→ EXCERPTED RECORDS:
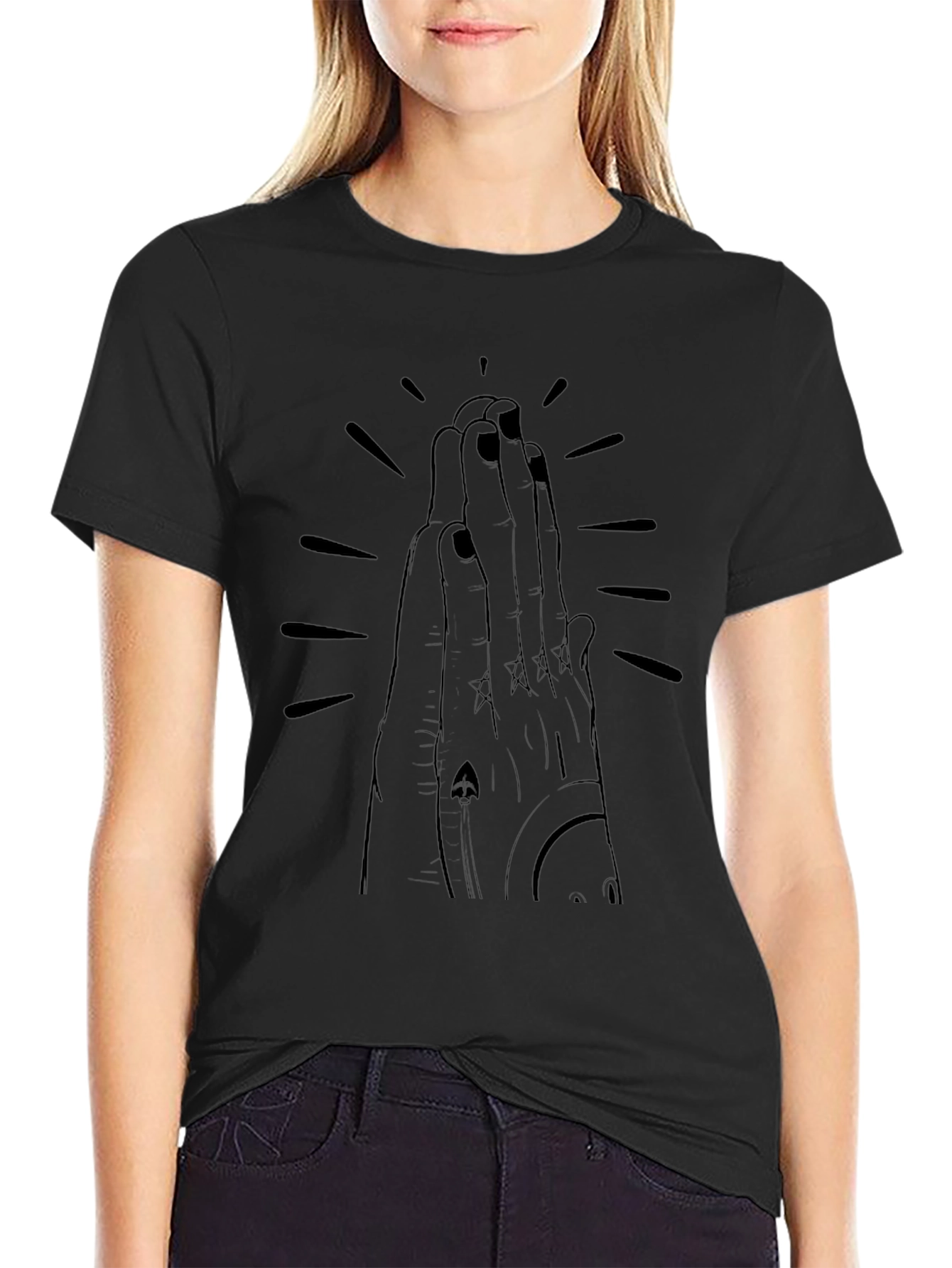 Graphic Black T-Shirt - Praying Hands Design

--

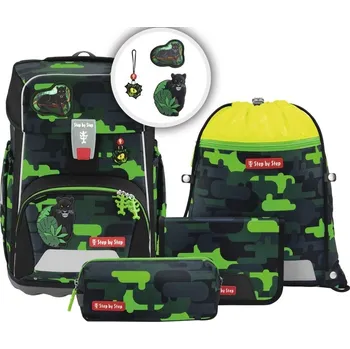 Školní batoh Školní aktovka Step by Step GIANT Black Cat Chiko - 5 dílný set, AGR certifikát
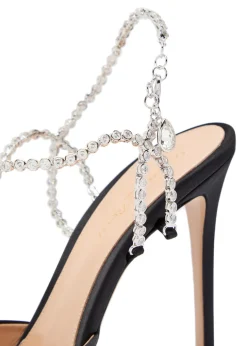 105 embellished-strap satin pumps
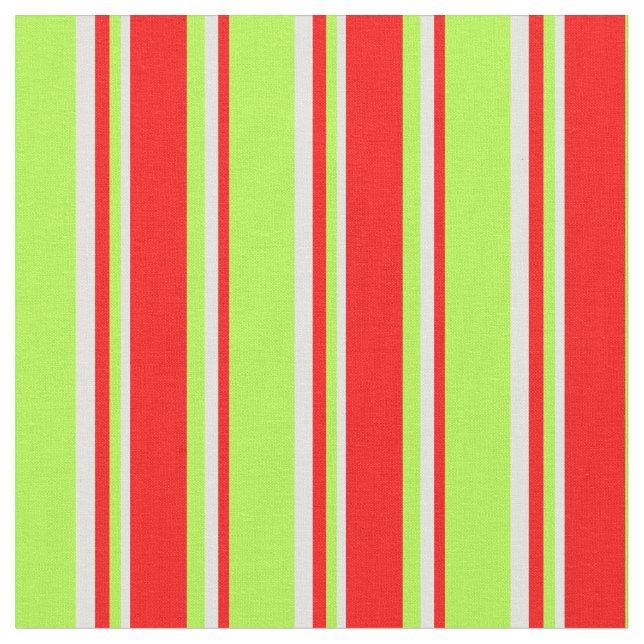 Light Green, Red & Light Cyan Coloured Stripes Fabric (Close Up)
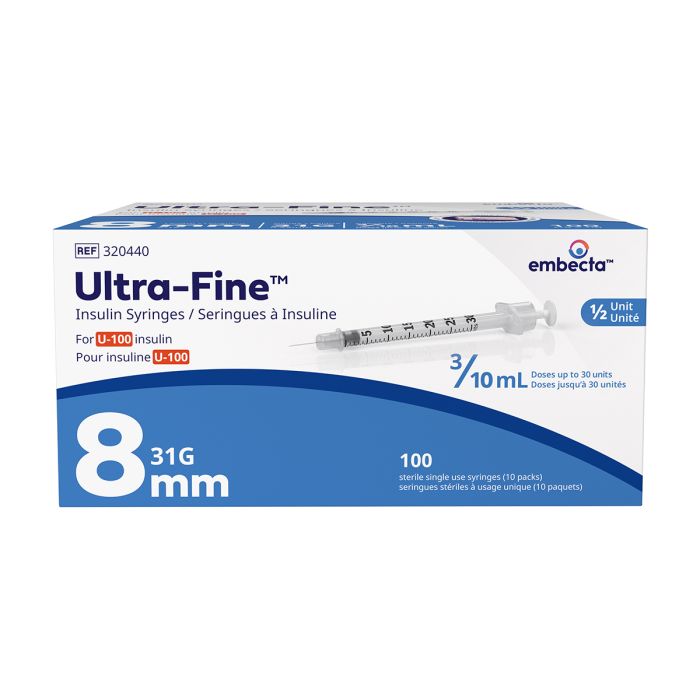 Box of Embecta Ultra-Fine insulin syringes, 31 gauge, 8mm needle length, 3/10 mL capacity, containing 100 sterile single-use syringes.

→ WHAT YOU NEED TO DO: Beginning with the line that contains "Light Green, Red" and ending with the line that contains "Box of Embecta", reproduce the listing exactly, pictures excluded.

→ TASK SOLUTION:
 Light Green, Red & Light Cyan Coloured Stripes Fabric (Close Up)
 Box of Embecta Ultra-Fine insulin syringes, 31 gauge, 8mm needle length, 3/10 mL capacity, containing 100 sterile single-use syringes.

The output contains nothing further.